Washington (Web Desk) – Taliban leader Mullah Akhtar Mohammad Mansour was targeted and likely killed in an airstrike in a remote area of Pakistan along Afghan border on Saturday.
According to a US official, the strike occurred around 6 a.m. ET Saturday morning in a remote area of the Pakistan-Afghanistan border, southwest of the town of Ahmad Wal.
Mansour was the target of the strike, and a second adult male combatant traveling with him in a vehicle also was likely killed, the official added.
US officials are still assessing the results, the official said.

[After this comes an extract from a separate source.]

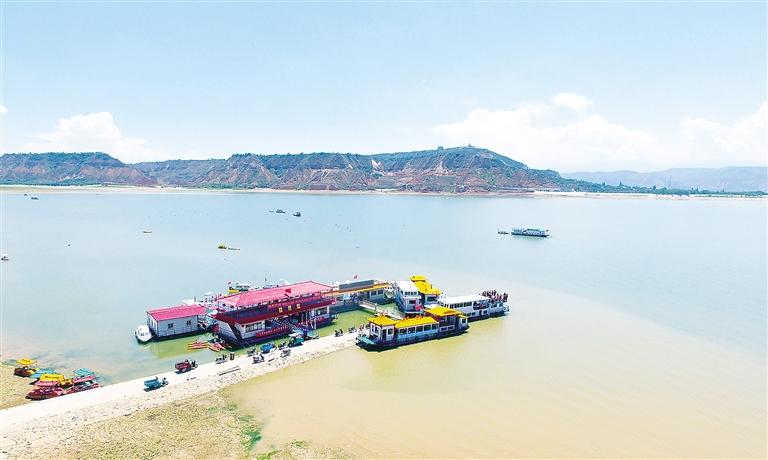 “高峡平湖”黄河刘家峡水库迎来旅游旺季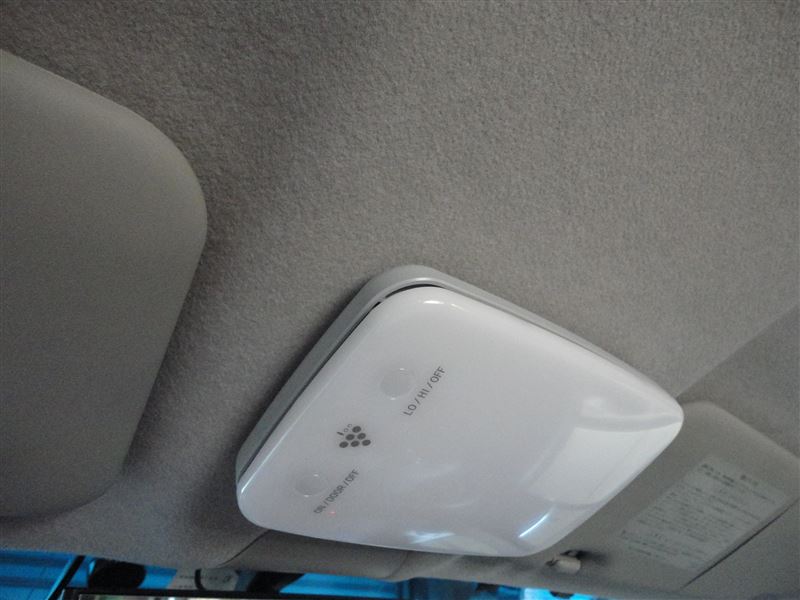 ダイハツ(純正) プラズマクラスター搭載LEDルームランプ のパーツ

The strike was carried out by multiple unmanned aircraft operated by US Special Operations forces, CNN reported. There was no collateral damage, the official added.

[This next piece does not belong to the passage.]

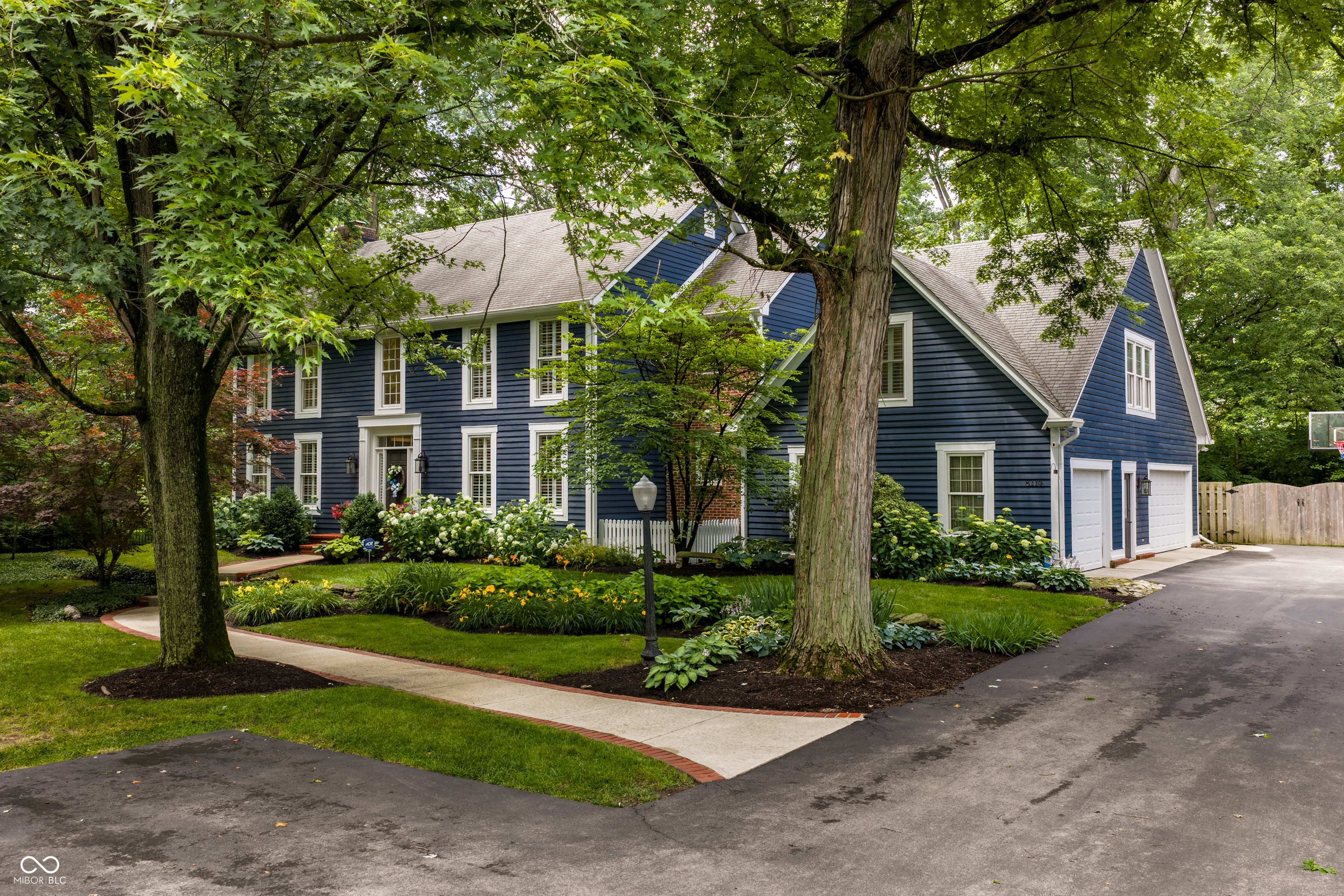 8114 Meadowbrook Drive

The Pentagon confirmed the strike in a statement but didn’t say whether Mansour was killed.
“Mansour has been the leader of the Taliban and actively involved with planning attacks against facilities in Kabul and across Afghanistan, presenting a threat to Afghan civilians and security forces, our personnel, and coalition partners,” Pentagon Press Secretary Peter Cook said in the statement. “Mansour has been an obstacle to peace and reconciliation between the government of Afghanistan and the Taliban, prohibiting Taliban leaders from participating in peace talks with the Afghan government that could lead to an end to the conflict.”
The Taliban revealed last summer that Mansour assumed command following the death of longtime leader Mullah Mohammed Omar, who died in Pakistan in 2013.
Mansour formerly headed the leadership council of the Taliban and Islamic scholars, also known as the Quetta Shura, which is composed of longtime leaders who direct the Taliban’s operations from Pakistan’s Balochistan province, according to the Jamestown Foundation, a global research and analysis group.